La semana informativa en Can Barça ha sido de lo más jugosa. Se ha pasado de las percepciones a las realidades, pistas para interpretar el futuro. Se ha demostrado que a Joan Laporta le importan más las formas que el fondo y que es capaz de despedir a un entrenador por lo que dice, no por ser un desastre en la gestión, planificación y en la obtención de resultados del equipo, como ha ocurrido con Dusko Ivanovic.
Se ha demostrado que a su directiva le importa poco el baloncesto y que al frente de la sección han puesto a quien peor podía gestionar una crisis de este calado, a Josep Cubells, de escaso recorrido verbal y que le viene muy grande el puesto.
A Ivanovic lo tenían que haber despedido antes, pero no por largar de Savic, un tipo que está en el punto de mira por su continuo despropósito en los fichajes. Desde esta semana, ya se sabe que en Can Barça no importa cómo lo haces sino qué dices.
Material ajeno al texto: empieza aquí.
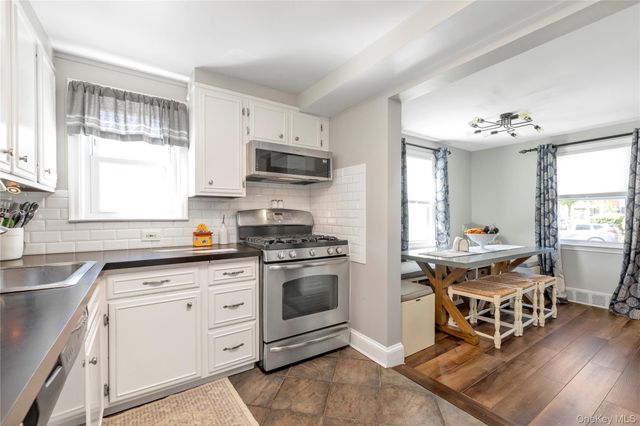 324 Beebe Road, Mineola, NY 11501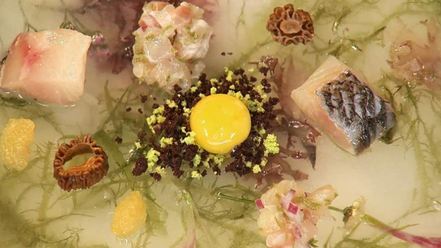 Рецепт строганины, тартар и солонина из омуля на льду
Bueno, tampoco es exactamente así. En la semana que se ha cumplido un año de la célebre 'rajada' de Eto'o en Vilafranca, el camerunés volvió a protagonizar otro de sus 'shows'. Volvió tarde y -un poco- lesionado de la Copa África y no jugará en Zaragoza. Como el equipo anda sobrado de goleadores, pues otra baja... Pero no pasará nada, Eto'o es el primer protegido de Laporta y nadie se va a atrever a decirle lo que se puede y lo que no se puede hacer.
Rijkaard, seguro que no. Visto el futuro de Ivanovic, el holandés está cada vez más desganado. La rueda de prensa previa al partido contra el Zaragoza fue una retahíla de tópicos por su parte, sin ningún contenido y sólo le faltó decir: acabad de preguntar rápido, que me quiero ir a comer.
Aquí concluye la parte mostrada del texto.